Review by Periodista
She's kind of the female counterpart of David Sedaris, with much more sexual content. Though I bet there's a lot more explicit in her stand-up act. She reminds me of Sedaris whenever her father turns up and less frequently her siblings. Like Sedaris's parents, the father hasn't kept up with what would be called politically correct language. Then there's the Handler family's terrible habits--mostly drinking.Another very Sedarisian touch: CH recounts some rather harrowing or embarrassing episodes (a night in a women's jail after driving while drunk, for example) that don't prove to be traumatic.
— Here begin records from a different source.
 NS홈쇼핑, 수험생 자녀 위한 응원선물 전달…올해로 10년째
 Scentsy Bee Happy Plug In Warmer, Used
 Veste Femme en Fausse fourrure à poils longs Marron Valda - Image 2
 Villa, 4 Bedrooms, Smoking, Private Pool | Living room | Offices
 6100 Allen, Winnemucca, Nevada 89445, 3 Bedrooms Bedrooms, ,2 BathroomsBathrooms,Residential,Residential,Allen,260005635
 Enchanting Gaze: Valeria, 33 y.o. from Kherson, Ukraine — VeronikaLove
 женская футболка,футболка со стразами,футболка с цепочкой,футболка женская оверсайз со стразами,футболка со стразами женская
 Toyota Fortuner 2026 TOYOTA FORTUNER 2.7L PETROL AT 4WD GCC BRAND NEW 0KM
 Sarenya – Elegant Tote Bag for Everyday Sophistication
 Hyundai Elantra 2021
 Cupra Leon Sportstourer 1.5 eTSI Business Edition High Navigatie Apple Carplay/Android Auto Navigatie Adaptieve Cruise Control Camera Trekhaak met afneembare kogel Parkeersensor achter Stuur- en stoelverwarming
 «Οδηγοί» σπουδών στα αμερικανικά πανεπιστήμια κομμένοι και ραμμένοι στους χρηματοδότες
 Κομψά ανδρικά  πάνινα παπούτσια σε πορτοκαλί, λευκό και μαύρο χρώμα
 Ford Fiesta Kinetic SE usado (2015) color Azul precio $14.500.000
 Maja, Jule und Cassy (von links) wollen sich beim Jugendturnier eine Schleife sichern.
Even while enduring them, she probably found them more amusing than humiliating.Where she differs is that each chapter is a reworking of a stand-up routine and probably was much more entertaining in that format. Sedaris began as a monologist. Maybe he still works out his ideas that way. But what's on the page has been written for the effect in print. In short, more laughs per inch.
Review by vforcina
This book is a really good light read. Chelsea is able to accurately portray herself through the wacky and offbeat stories she tells. I frequently found myself snickering to myself while reading this book. The only downfall is that I felt as though I was reading a trashy novel. It can get a little too raunchy and I felt less educated after reading it. Overall, this was a mildly entertaining quick read, although I wouldn't share it with my mother.